=== WHAT THE TASK REQUIRES ===
From the first line to the last, write out the records exactly, leaving the pictures behind.

LISTED ENTRIES Start Marker

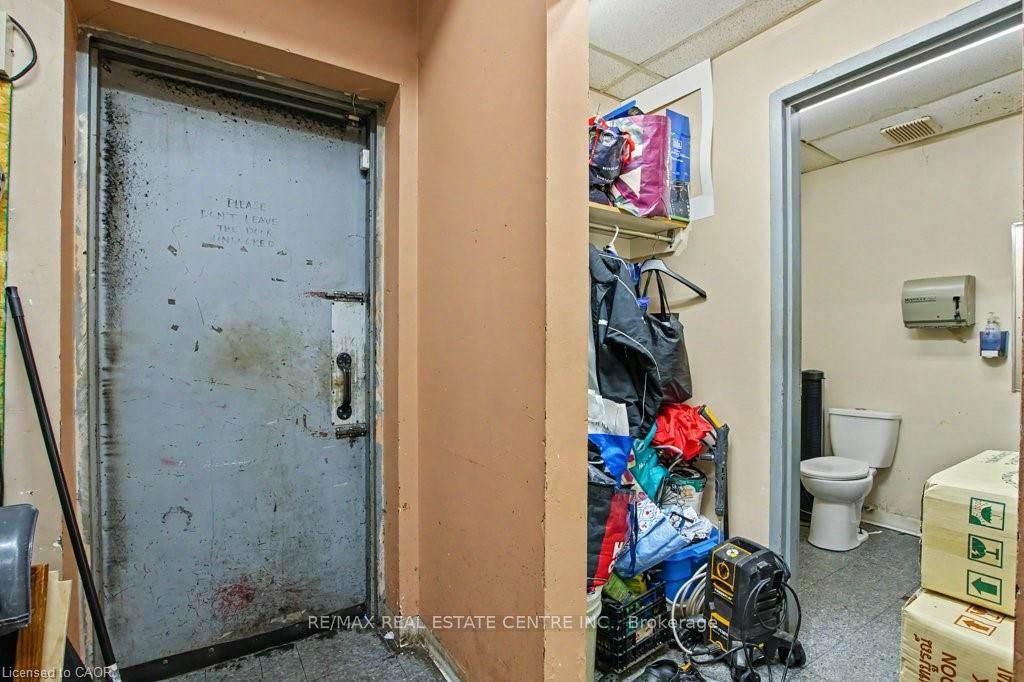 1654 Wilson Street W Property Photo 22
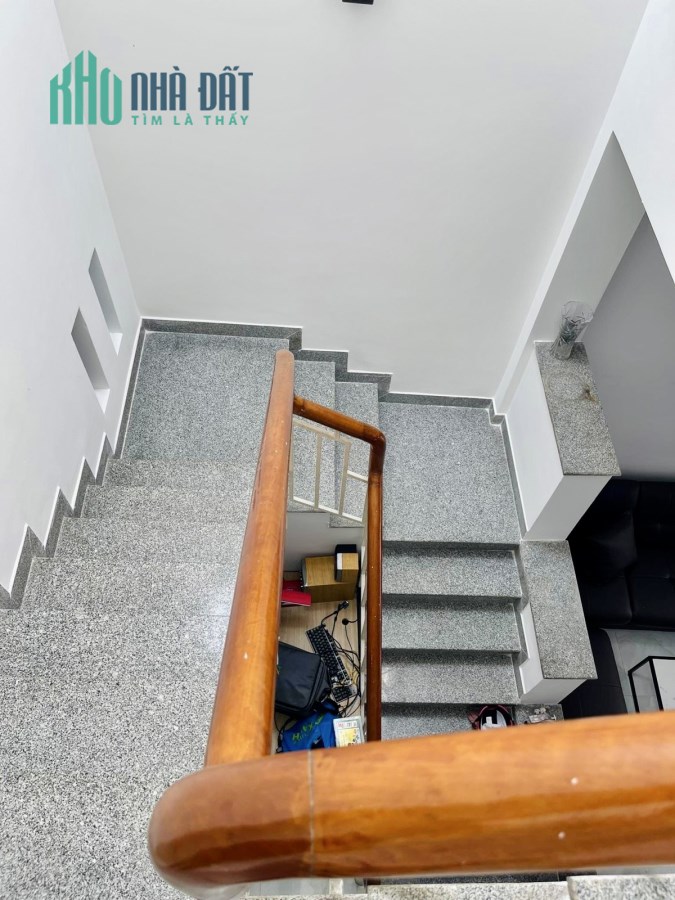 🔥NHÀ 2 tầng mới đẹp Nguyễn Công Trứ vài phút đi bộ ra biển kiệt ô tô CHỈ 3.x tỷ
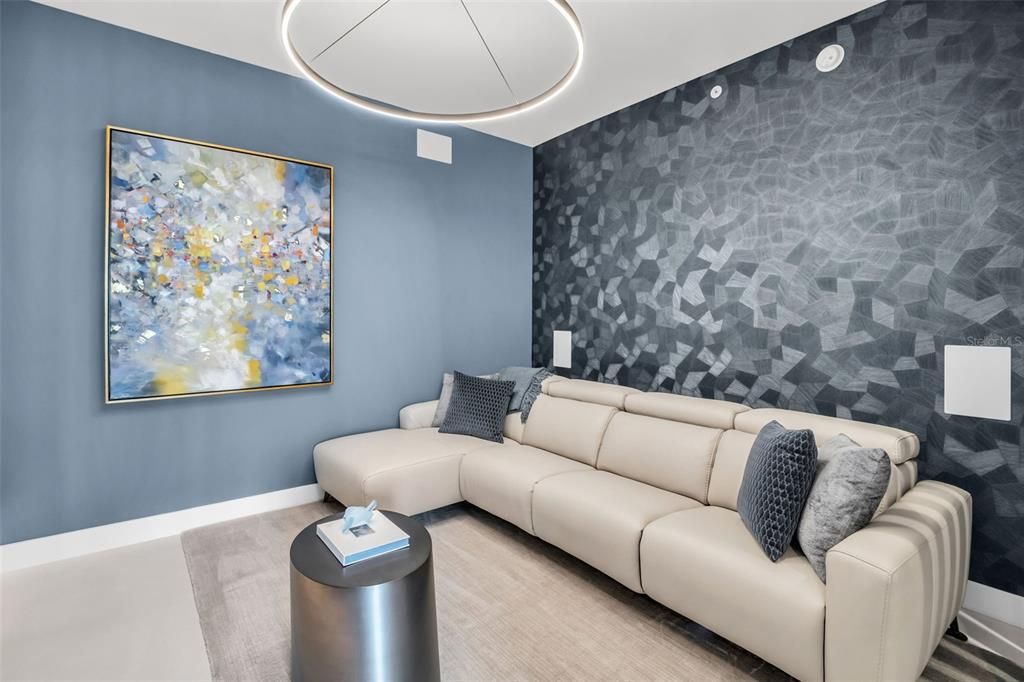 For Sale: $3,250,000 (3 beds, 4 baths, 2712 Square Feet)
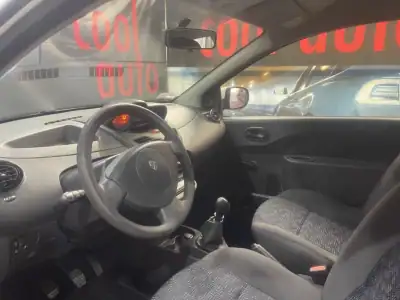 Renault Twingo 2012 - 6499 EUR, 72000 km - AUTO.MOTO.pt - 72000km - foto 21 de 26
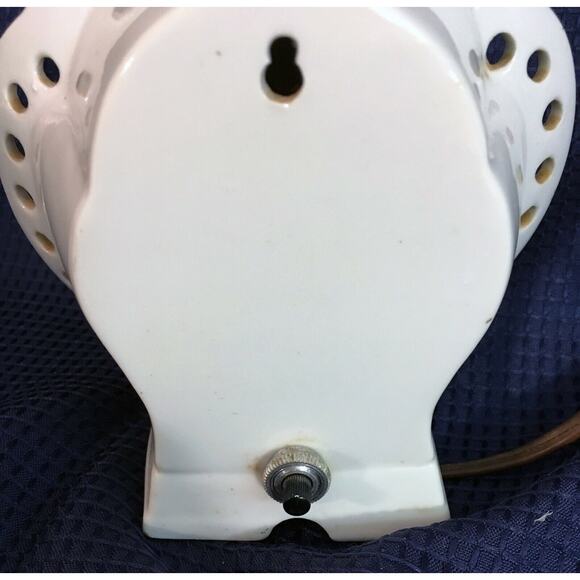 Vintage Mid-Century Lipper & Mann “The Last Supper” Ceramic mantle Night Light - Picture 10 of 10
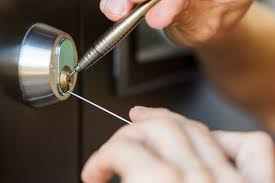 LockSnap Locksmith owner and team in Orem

LISTED ENTRIES End Marker

=== REPLY TO THE EXERCISE ===
 1654 Wilson Street W Property Photo 22
 🔥NHÀ 2 tầng mới đẹp Nguyễn Công Trứ vài phút đi bộ ra biển kiệt ô tô CHỈ 3.x tỷ
 For Sale: $3,250,000 (3 beds, 4 baths, 2712 Square Feet)
 Renault Twingo 2012 - 6499 EUR, 72000 km - AUTO.MOTO.pt - 72000km - foto 21 de 26
 Vintage Mid-Century Lipper & Mann “The Last Supper” Ceramic mantle Night Light - Picture 10 of 10
 LockSnap Locksmith owner and team in Orem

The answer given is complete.